**DATA BELOW**
========

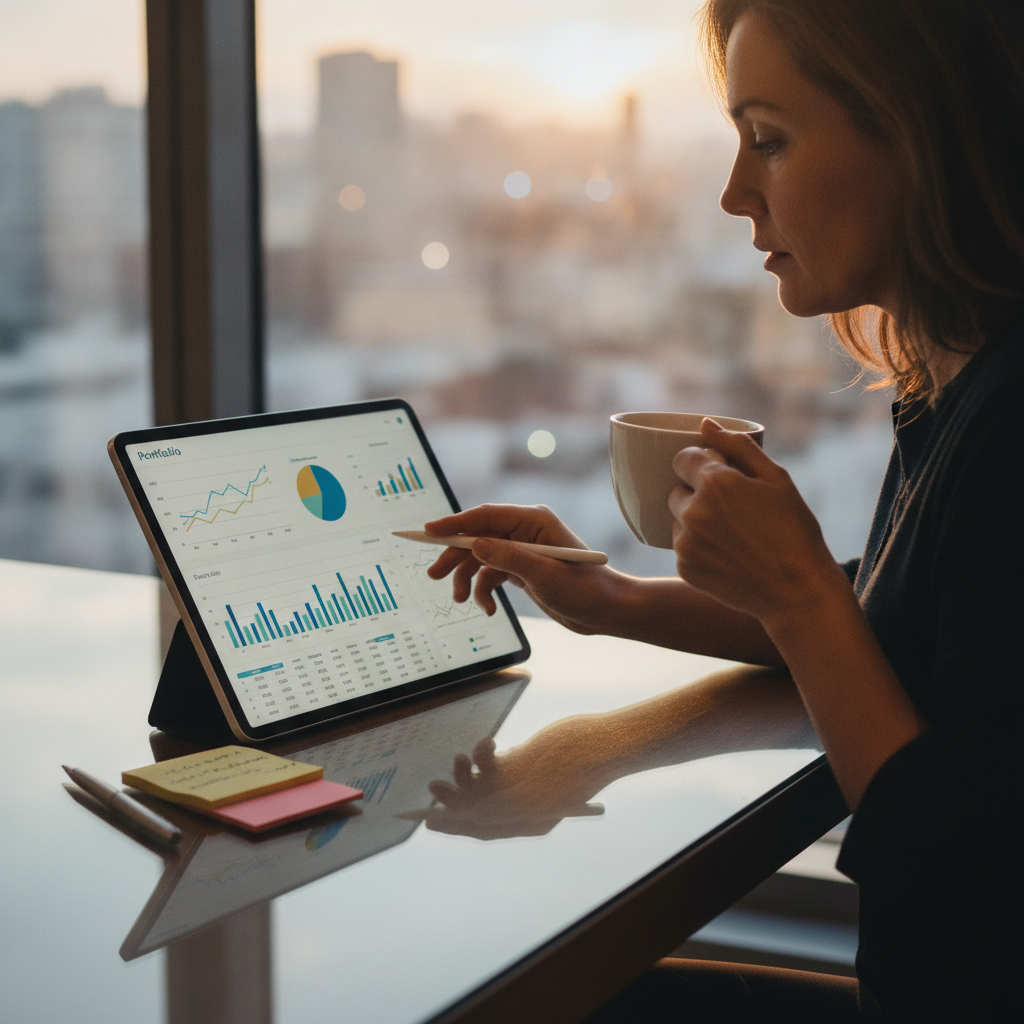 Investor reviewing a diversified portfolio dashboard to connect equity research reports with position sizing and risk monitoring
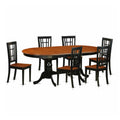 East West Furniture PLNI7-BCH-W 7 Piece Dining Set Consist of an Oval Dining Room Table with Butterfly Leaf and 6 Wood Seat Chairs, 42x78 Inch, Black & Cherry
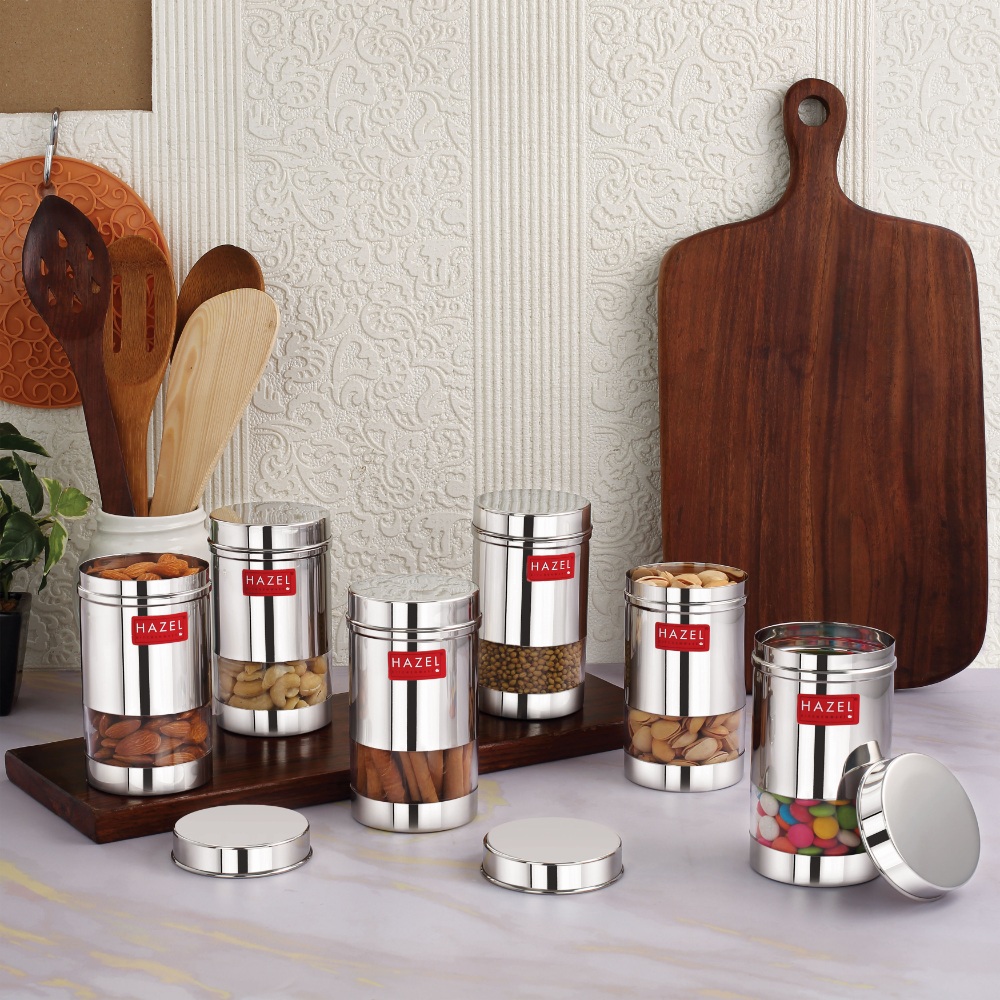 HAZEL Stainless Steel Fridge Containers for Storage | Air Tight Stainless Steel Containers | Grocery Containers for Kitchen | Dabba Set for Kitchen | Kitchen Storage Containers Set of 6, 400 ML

========

**ABOUT THIS TASK**
Give back the lines word for word, from the very first in the material above to the one that has "East West Furniture", both included, without the pictures.

**YOUR RESPONSE**
 Investor reviewing a diversified portfolio dashboard to connect equity research reports with position sizing and risk monitoring
 East West Furniture PLNI7-BCH-W 7 Piece Dining Set Consist of an Oval Dining Room Table with Butterfly Leaf and 6 Wood Seat Chairs, 42x78 Inch, Black & Cherry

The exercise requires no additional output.